What are your earliest memories of the circus?

There’s a picture in one of the old programmes of the first time I got on a horse - a big spotted horse - with my father when I was 3-years-old.

But after that, I can always remember being asleep and in the middle of the night and being woken up by a little bear cub being pushed into bed with us. You never know what’s going to happen on a circus when you’re little.

I can remember looking out the caravan window and the ground would be overrun with public. There’d be thousands and thousands of people. We weren’t allowed to go out in case we’d get lost amongst all the people. We were too small. The parades on the Sunday at 3 o’clock, after the show was built up... the animals would come from the railway station. The elephants would walk through the town with the horses and the other animals. The public would follow and the circus site would just be full of people.

What was it like inside the big top?

There would have been about 17 rows of tiered seating with a gangway around the back, because in those days you’d walk up steps to get into the seats at from the back, on the top row. In front of the tiered seating there’d be a gap with the boxes in front of that - about two rows, sometimes three rows of chairs. In front of that there’d be a track for all the animal parades and such like.
Around 1953, they actually had chariot racing inside the tent. It was an 8-pole tent and the track went right around all the king poles.

When we were really young, we were allowed to see the performance once in the beginning of the year and that was it. It was very strict. The circus kids weren’t allowed to just run amok inside the tent. We had to behave ourselves, of course, and sit in the back of the seats.

The earliest I can remember going into the ring... in those days they used to have Popeye and Mickey Mouse... big  heads you used to put on and walk around waving to the people. We were allowed to do that sometimes, in between the acts. I would have probably been 5 or 6-years-old.

Did you always want to work with the animals?

I always wanted to work with the animals. My father made all of us kids learn hand balancing and tumbling, somersaults and things like that, just in case we needed it later on in life. You can always put something like that in an animal act as well. But I wasn’t brilliant at that, so it was the animals really, for me.

Was your father the animal manager?

Old Dickie Chipperfield used to run the show. He was the main one. There was Jimmy Chipperfield at the time, who opened the safari parks. He was organising a lot of the away stuff - looking for acts, things like that; a lot of the business side of it. My aunty Majorie used to take over all the costumes and decoration for the shows. And my father was the main animal trainer on the show. He loved horses. But he worked very good with the wild animals and also with the elephants. He was an all-rounder, and a trick rider as well.

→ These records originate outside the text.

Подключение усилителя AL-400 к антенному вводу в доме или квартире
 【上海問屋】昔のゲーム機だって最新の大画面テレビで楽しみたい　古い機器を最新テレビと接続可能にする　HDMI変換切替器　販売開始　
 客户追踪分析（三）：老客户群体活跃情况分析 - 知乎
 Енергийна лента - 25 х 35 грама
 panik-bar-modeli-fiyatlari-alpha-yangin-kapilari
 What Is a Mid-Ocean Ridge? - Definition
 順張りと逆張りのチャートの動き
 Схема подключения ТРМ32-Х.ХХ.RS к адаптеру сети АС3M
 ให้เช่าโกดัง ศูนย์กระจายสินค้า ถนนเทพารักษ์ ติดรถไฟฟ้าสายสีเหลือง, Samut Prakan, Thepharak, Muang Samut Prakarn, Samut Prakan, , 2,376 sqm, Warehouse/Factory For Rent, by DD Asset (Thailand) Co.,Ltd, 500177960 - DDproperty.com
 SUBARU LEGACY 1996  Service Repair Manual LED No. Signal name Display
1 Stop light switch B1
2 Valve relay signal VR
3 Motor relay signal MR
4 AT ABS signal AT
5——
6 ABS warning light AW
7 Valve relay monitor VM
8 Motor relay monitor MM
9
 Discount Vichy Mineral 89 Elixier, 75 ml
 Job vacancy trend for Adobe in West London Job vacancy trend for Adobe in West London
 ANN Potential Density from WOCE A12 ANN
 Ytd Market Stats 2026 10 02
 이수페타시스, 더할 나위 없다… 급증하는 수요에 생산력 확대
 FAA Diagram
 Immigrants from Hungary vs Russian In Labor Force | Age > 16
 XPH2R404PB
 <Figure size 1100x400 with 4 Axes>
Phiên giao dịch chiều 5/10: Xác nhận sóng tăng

What are your memories of Jimmy Chipperfield?

I wouldn’t really remember him on the show, because when he left and opened the parks, I was very young. But later on - we were always close; we always got on - what he wanted, he went for. There was no maybes. You just keep going until you get it.

What are your memories of Dickie Senior? 

Dickie Senior was more circusy. It was more give and take. My uncle Jim, he’d set his mind on something and he’d do it, whereas in the circus you give and take a lot more. I suppose uncle Dick was a bit like that. He was working with the animals a lot as well. He worked lions mostly. The old fashioned way which you wouldn’t do nowadays. Loud. I don’t mean beating them or anything like that, but a lot of whip-cracking and that sort of thing. Which is just noise, but these days people would get the wrong impression.

Did you use a calmer presentation?

I was sort of in between when I started out. Naturally, I was 16 and didn’t have a clue what I was doing; I was taught. But you have to learn from experience. So you have to keep your distance a bit more. Later on in life, I went the calmer route.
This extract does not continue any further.